What is Food Literacy?
Food literacy is defined as having the knowledge, behaviour, and skills necessary to choose, grow, prepare and enjoy healthy food to support one’s health, environment, and the community. It is a catch-all term. It would cover – what to eat? how much to eat? and why not to waste?
Food literacy would be imparted through a carefully curated curriculum. It must focus on the middle school years, a stage which is most crucial as it lays the foundation for lifelong food habits. At this stage, children would be able to grasp and perceive various aspects of food which will result in a smooth transition to food literacy in adolescence and adulthood.
Various studies including those based on randomised controlled trials and systematic reviews have shown positive effects of school-based nutrition education interventions on dietary intake outcomes in children. A recent study by SNDT Women’s University, Mumbai based on intervention in the form of 12 weekly sessions with children and three parents’ sessions over three months has shown improvements in mean knowledge, attitude, and practices related to diets in pre-to post-assessments. The current approach of having a few chapters on food and nutrition in different classes across subjects does not result in the desired impact.
The new approach and school engagement strategy must focus on activity-based learning. It must leverage technology and collaboration with parents and the family to effectively address the gaps in the current provision. The proposed module should focus on the science of dietary shifts and habit formation. Being an inexpensive intervention, it would be easy to scale up and sustain by engaging with schools, governments and their agencies. With a greater focus on health and well-being in COVID times, it is an opportune time to launch such a programme.

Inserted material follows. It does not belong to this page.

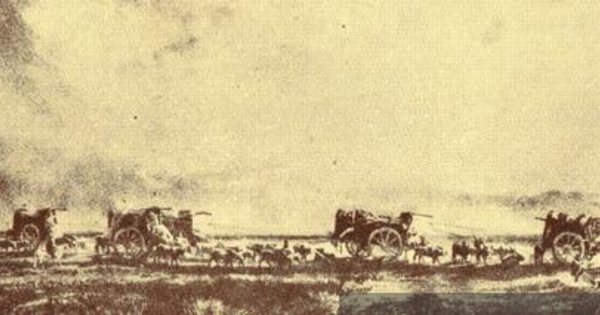 Tropas de carretas en La Pampa, hacia 1840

Over five years, this programme could reach out to a large majority of people in India to make the right dietary transition as per National Dietary Guidelines (NDGs). This would eventually lead to the universalisation of foundational food literacy skills to address the rising concerns about diet-related and lifestyle illnesses in the country. Lying at the intersection of education and health, the programme would have a measurable and lasting impact on healthcare in the country.
Good food
Small changes in diets by individuals and families would make a large and positive impact driving demand for good food and sending clear market signals all the way through the food value chain to the farmers and producers.
Diet quality determines health outcomes. Good food supports healthy brains and bodies and significantly reduces the risk of disease and disability. Good food would benefit the planet and curb climate change, making food supply chains more regenerative and encouraging agricultural practices that restore biodiversity, improve soil health, protect human and animal welfare, and elevate culture and community.

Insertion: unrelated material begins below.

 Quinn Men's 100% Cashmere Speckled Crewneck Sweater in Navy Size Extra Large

As consumer behaviour aligns with good food, the food businesses would gear themselves to supply food that is healthy and sustainably produced and processed. The policies would also align with these changes and must account for the ‘true value’ of food rather than its sticker price alone.

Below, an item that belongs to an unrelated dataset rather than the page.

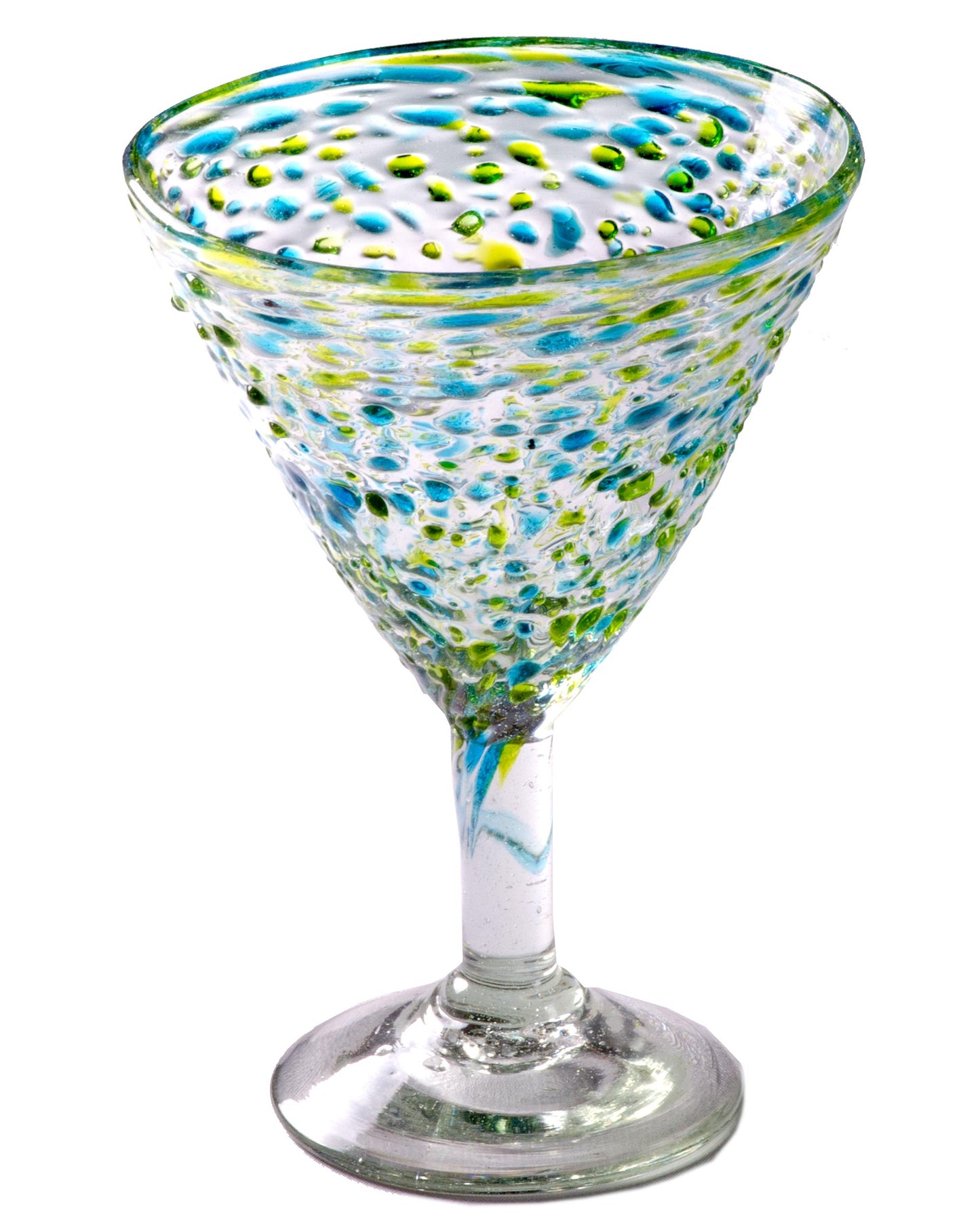 Mexican Confetti Pebbled Short Martini Glass - Set of 4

Driven by consumer demand, as markets begin to work for good food and government policies align with such diets, a food system would be built that is healthy for both people and the planet. This positive feedback loop would lead to much-desired food system transformation.
Given that food literacy holds the key to changing consumer behaviour for good food, governments, businesses, and civil society all need to work towards building a food literacy society – a key to good food strategy.